You go to the church where you find humility. It’s that simple. Religion that feeds our ego is like sugar, it will eventually eat you up and leave you hollow. Healing only takes place when we are able to look squarely in the mirror and make the decision to repent, to heal ourselves because we know we need healing.

“Church doesn’t make me happy.” (Note, this usually means church does not affirm me.)

I hear that a lot. Well then, why do want it happy? So you can feel good about your unfulfilling journey? So you can feel good about letting schools and technology raise your children? So you can feel good about muddling through life? So you can feel good about a lack of moral courage? So you can feel good about pointing your fingers at other people without looking in the mirror at yourself? So you can feel good about putting career and upward mobility ahead of family and community?

Read that last paragraph again. Alone, looking in the mirror, that is usually the truth about statements like, “Church doesn’t make me happy.”

Church should be honest and hopeful

Church should be sobering. Church should evoke humility in ourselves and those that lead it. Church should be hopeful because it is honest about our condition and offers us direction in overcoming the things we do that we know we shouldn’t do. A church that exists to entertain you is not church, it is a self-congratulatory ego club for the wanna-be hip. The flashier the church, the higher percentage of members who used to belong to other churches and are now on their way to leaving. Feed someone’s pride, and eventually the only thing they will humble themselves to is the vanity of their own ego.
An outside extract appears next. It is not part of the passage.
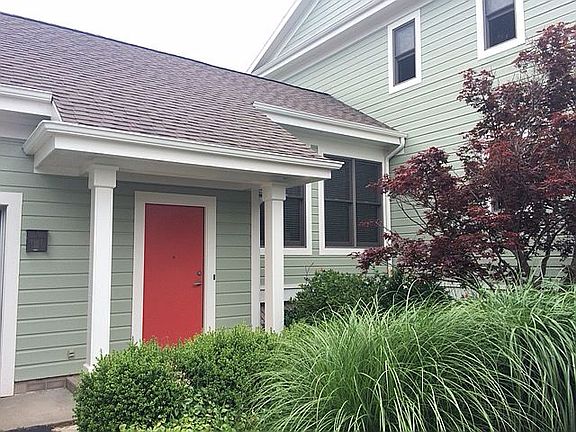 2nd image of 3524 Magnolia Ln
You will find joy, something better than happy, when you humble yourself.

Humble is not judgmental

This is important. Humble church is not judgmental church. Humble church doesn’t focus us on the splinters in other’s eyes, it focuses us on the logs in our own eyes. As life passes by and we draw nearer to the abyss of death, it becomes easier to avoid self-analysis encouraged by the desperation of regret. This is sad. It is by facing our regret and using that as fuel to repent and be an example for others that we can experience joy and come to peace with our past while finding hope in our future.

We can find peace and joy in the silence when we are able to humble ourselves.
Anyone can be humble and kind

And finally, if you are someone who would never step foot in church. You think it’s foolish and silly. Well, I can understand how you got there. Veneered teeth in an expensive suit preaching the “gospel” makes me puke. Hypocrites and self-possessed faith clubs turn people away. But don’t kid yourself, you can still look in the mirror. You can still hold yourself accountable and strive to do the hardest thing in the world, be consistently good and true, humble and kind.

Have I been harsh? Or even a little judgmental(yikes, I shouldn’t do that)! Probably. But look around your church this Sunday. Where are the homeless and poor, the single moms who were brought in to sit with you? How many of your congregants were culled from other churches for a more agreeable service or message or better Sunday school? Compare that to how many first learned about the almighty from you after a life spent in the wilderness with no church. Is your church judged by its faith and humility, or its attendance, structures, and checking account?

Look in the mirror. Be humble. Help the “least of these” while examining the many splinters we all have. There you will find God.